Donnerstag, 5. August 2021

Mord nach Rezept - Band 8

H. P. Karr:

Unkraut vergeht nicht


Jacoby fluchte, weil er mit dem Unkraut zwischen den Hortensien und den Rosen einfach nicht fertigwurde. Seit einer halben Stunde zupfte und jätete er jetzt schon. Sein Kreuz schmerzte. Sein Nacken brannte. Man war eben nicht mehr der Jüngste.
»Zähes Zeug, was?«
Wenn Jacoby etwas nicht gebrauchen konnte, dann war es ein Kommentar von Römer. Sein Gartennachbar stand am Zaun, in adretter Pflanzschürze und mit einem schicken Strohhut auf dem Kopf, als ginge es hier um ein Casting für Germany's Next Top-Gärtner.

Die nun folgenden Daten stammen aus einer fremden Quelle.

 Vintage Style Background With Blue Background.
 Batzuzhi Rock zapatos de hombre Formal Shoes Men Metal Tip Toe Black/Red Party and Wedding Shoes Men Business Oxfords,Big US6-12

Am liebsten hätte Jacoby mit seiner Hacke auf Römers Füße eingehackt, auf die er aus seiner Hocke vorm Rosenbeet starrte.
»Unkraut eben!«, brummte Jacoby stattdessen. Er war ein schwerfälliger, untersetzter Mann, Ende vierzig. Vor einem halben Jahr hatte er die Immobilie neben Römer gekauft: freistehendes Einfamilienhaus mit hundertfünfzig Quadratmetern Wohnfläche und knapp fünfhundert Quadratmetern Garten. Ein Traum. Wäre da nicht die Nachbarschaft. Bis jetzt hatte Jacoby es immer geschafft, rechtzeitig im Haus zu verschwinden, wenn Römer in seinem Gärtner-Outfit drüben auftauchte, um zu säen, zu jäten, zu mähen.
»Kommst du, Liebling?« Römers Frau hatte den Kaffeetisch auf der Terrasse gedeckt. Jacoby drehte die Augen nach oben. Römer streckte ihm die Hand entgegen. »Römer! Zeit, dass wir uns kennenlernen.«
Jacoby überwand sich. »Jacoby. Auf gute Nachbarschaft!«
Römer machte eine großzügige Geste. »Dann kommen Sie doch am besten gleich mit Ihrer Frau auf eine Tasse Kaffee herüber.«


Claudia kam aus dem Bad. Die Nachtcreme glänzte auf ihrem Gesicht. Römer machte die Augen zu.
»Seltsame Leute, diese Jacobys«, sagte Claudia und ließ sich ins Bett fallen. Römer tat weiter so, als ob er schliefe, obwohl er wusste, dass das Claudia nicht daran hindern würde, weiter auf ihn einzureden. Wahrscheinlich redete sie auch auf ihn ein, wenn er gar nicht da war.
»Was sie an diesem alten Kerl findet, frage ich mich«, murmelte Claudia. »Die beiden sind doch mindestens zwanzig Jahre auseinander.« Sie machte das Licht aus und seufzte. »Na ja, wo Liebe hinfällt.«
Das fragte sich Römer inzwischen manchmal auch – und vor allem fragte er sich, wo die Liebe hinging, wenn sie starb.